- Theatrical release poster
- Directed by: Surya Prakash
- Story by: T. Sivakumar
- Produced by: PB Saravanan; T. Sivakumar;
- Starring: Jeevan; Vidya Pradeep; Nandha; Samuthirakani; Richard Rishi; Ranjith;
- Cinematography: Philip Vijayakumar
- Edited by: K. Sasi Kumar
- Music by: Vikram Selva
- Production company: Benn Consortium
- Release date: 28 August 2015;
- Running time: 134 minutes
- Country: India
- Language: Tamil

= Adhibar =

2015 Indian film by Surya Prakash

Adhibar ( Proprietor) is a 2015 Indian Tamil-language action film directed by Surya Prakash. The film stars Jeevan and Vidya Pradeep with Nandha, Samuthirakani, Richard Rishi, and Ranjith playing supporting roles. The film was produced by T. Sivakumar, who also wrote the story for the film. The soundtrack was composed by newcomer Vikram Selva with editing done by Zashi Qmer and cinematography by Philip Vijayakumar. The film was released on 28 August 2015.

==Production==
Adhibar began production in early 2015. The film was shot in various locations including Bangkok, Chennai, Pondicherry, and parts of Malaysia including Langkawi.

==Soundtrack==
The music was composed by Vikram Selva.

- "Avala" - Vikramselva
- "En Kadhal" - Vikramselva
- "Poi" - Gana Bala
- "Athibar" Theme music

==Critical reception==
Sudhir Srinivasan of The Hindu criticised the film, stating, "It is perhaps the most bizarre film I've seen in a long time". M Suganth of The Times of India rated the film 1.0 out of 5 and wrote, "Adhibar is an exercise in mediocrity [..] We are told that the story is based on a real-life incident that happened in Sri Lanka, but there is so much randomness in the movie that we start wondering if real life can be this random.
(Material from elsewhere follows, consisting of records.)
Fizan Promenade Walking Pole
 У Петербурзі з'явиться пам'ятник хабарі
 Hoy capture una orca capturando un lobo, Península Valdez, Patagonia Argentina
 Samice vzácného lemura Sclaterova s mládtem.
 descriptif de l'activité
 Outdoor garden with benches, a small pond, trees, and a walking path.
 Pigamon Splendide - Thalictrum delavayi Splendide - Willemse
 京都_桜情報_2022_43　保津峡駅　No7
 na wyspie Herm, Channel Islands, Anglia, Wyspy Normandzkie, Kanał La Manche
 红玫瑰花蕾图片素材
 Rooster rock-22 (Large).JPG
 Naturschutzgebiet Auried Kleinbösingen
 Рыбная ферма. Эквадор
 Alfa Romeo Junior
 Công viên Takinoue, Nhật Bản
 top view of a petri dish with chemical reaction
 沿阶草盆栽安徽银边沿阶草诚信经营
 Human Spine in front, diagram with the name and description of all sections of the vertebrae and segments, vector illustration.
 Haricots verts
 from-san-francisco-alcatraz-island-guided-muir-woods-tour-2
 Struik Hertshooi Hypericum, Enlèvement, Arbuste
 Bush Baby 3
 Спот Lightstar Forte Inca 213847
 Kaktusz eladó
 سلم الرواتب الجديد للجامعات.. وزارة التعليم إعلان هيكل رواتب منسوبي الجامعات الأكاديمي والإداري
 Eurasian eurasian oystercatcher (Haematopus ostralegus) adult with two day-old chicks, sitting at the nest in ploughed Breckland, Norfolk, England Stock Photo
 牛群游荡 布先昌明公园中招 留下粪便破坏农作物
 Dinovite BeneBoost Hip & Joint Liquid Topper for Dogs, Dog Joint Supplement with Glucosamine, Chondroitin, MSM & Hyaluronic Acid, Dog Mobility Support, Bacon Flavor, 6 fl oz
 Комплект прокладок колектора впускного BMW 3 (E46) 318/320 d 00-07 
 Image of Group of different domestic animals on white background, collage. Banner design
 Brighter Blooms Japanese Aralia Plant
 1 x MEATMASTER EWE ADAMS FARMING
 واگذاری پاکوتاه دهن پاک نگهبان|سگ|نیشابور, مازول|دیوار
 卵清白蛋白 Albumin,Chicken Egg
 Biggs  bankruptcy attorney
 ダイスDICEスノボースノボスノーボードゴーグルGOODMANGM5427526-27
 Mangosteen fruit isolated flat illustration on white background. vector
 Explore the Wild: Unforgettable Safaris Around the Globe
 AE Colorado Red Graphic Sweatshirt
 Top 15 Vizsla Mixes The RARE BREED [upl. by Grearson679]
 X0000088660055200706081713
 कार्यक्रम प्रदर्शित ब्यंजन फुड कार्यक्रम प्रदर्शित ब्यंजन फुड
Characters behave in the most implausible manner and take instant decisions that no sane person in real life might take". Janaki K of Silverscreen stated, "Adhibar tests your patience right from the beginning". Malini Mannath of The New Indian Express wrote, "Neither exciting nor refreshing, Adhibar is a dreary, mediocre fare".